To a large extent, the current strength of Fidesz, Law and Justice Party (PiS) in Poland, and Andrej Babiš’s “ANO” party in the Czech Republic reflect the weakness and dysfunction of their opponents. In Hungary, the lack of a viable democratic opposition to Mr Orbán has created an opening for Jobbik to move into the political centre. Last week, in a vote in the Hungarian Parliament over a resolution condemning the EU’s rule of law procedure triggered against Poland, Jobbik sided with European institutions, citing concerns over undemocratic policies of the PiS government.

Throughout the region, the stakes are high. A strong mandate for Mr Orbán’s third term and a PiS victory in 2019 by the sort of margin suggested by its current lead in opinion polls, risk entrenching in both countries a form of governance that concentrates power in the hands of the ruling party, without effective judicial oversight or scrutiny by civil society, and relies on a pervasive system of party-centric clientelism, facilitated by heavily statist economic policies.

As Mr. Márki-Zay’s victory illustrates, a real political mobilisation is possible. But it also shows the importance of building a broad-tent alternative to Fidesz, as opposed to the current plethora of minuscule movements, parties, and initiatives, each operating independently. In its 2012 reform of the electoral system, Fidesz has strengthened majoritarian elements of Hungary’s electoral rules by increasing the number of single-member constituencies and redrawing the electoral map in its own favour. As a result, the 2014 election gave Mr Orbán a supermajority in parliament, which lasted until the following year.

But Fidesz’s weapons can be used against it, according to Zoltán Kész, an independent MP whose surprise victory in a 2015 by-election ended Mr Orbán’s supermajority. In order to succeed, opposition leaders will have to put their egos aside and work together. “If there is only one strong candidate in each constituency, Fidesz can be defeated,” Mr Kész tells me.

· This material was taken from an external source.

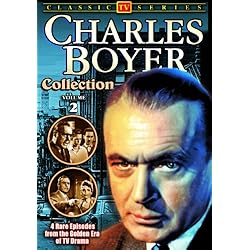 Charles Boyer Collection, Volume 2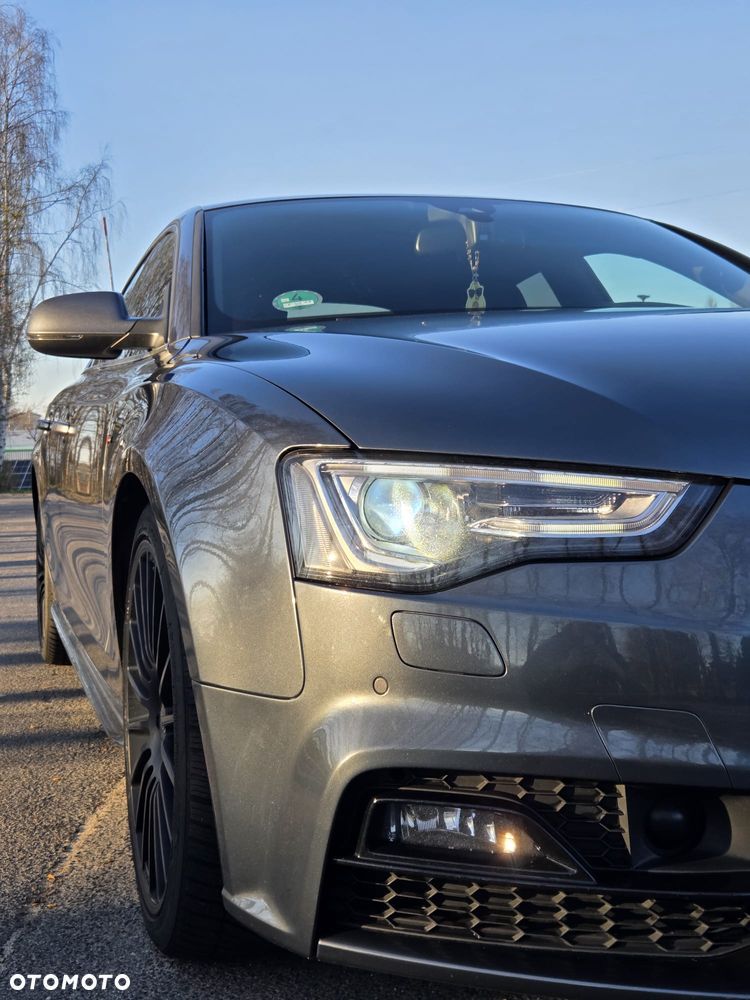 Audi A5 Sportback - 8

Contrary to most of the media attention that Fidesz, PiS, and ANO receive, their main sins are neither Euroscepticism nor intransigence on the question of immigration and refugee quotas – rather it is their authoritarianism. But that only strengthens the case for their opponents to fight back with effective political tools, while there is still time. Central Europe’s authoritarian populism will not go away unless voters reject it soundly at the polls, in favour of a better alternative. As this weekend has shown, such an alternative might not be far away.

Dalibor Rohac is a research fellow at the American Enterprise Institute.